On that note, I wonder how the OpenLLaMA 3B model is being used. I downloaded the fp16 model from Hugginface and used the convert.py script to convert to ggml format. But the model wouldn't load because the feed forward network size is being mispredicted as 8704 instead of the actual size of 8640 by this line in llama.cpp:

 const uint32_t n_ff = ((2*(4*hparams.n_embd)/3 + hparams.n_mult - 1)/hparams.n_mult)*hparams.n_mult;

If I fix this so I'm able to load the model and run a perplexity calculation, I get wild values in excess of 2000. What am I missing? Is it because the tokenization is different and, if so, how do you use the 3B model? I would like to use it to work on the k-quants adaptation to not 256-divisible model sizes, so any help is appreciated.

BrickBee commented 1 year ago

Conversion and fp16 inference works after applying this diff. This was by the way the original point of this issue. The 3b model can't be used with the current code if no pre-converted version is available (or the code is patched).

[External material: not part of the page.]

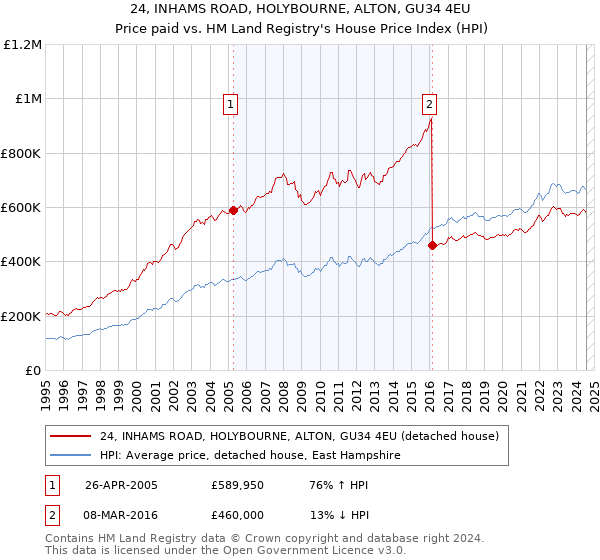 24, INHAMS ROAD, HOLYBOURNE, ALTON, GU34 4EU: Price paid vs HM Land Registry's House Price Index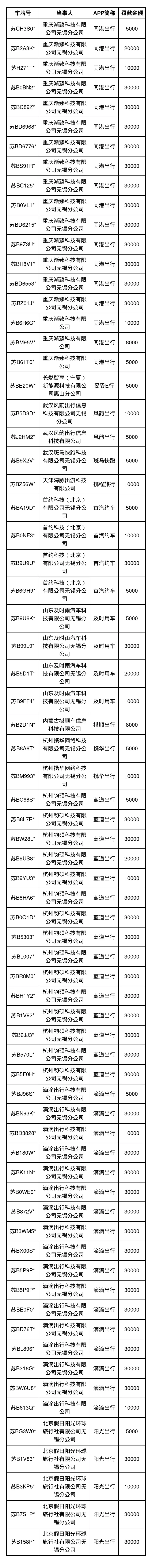 无锡市汽车违章查询,无锡市汽车违章查询软件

SlyEcho commented 1 year ago

On that note, I wonder how the OpenLLaMA 3B model is being used. I downloaded the fp16 model from Hugginface and used the convert.py script to convert to ggml format.

convert.py is still broken and we didn't want to commit the crude hacks. But since the model has a free license the files are up for download.

Check my HF repo for the converted files and also the full Makefile to run it yourself.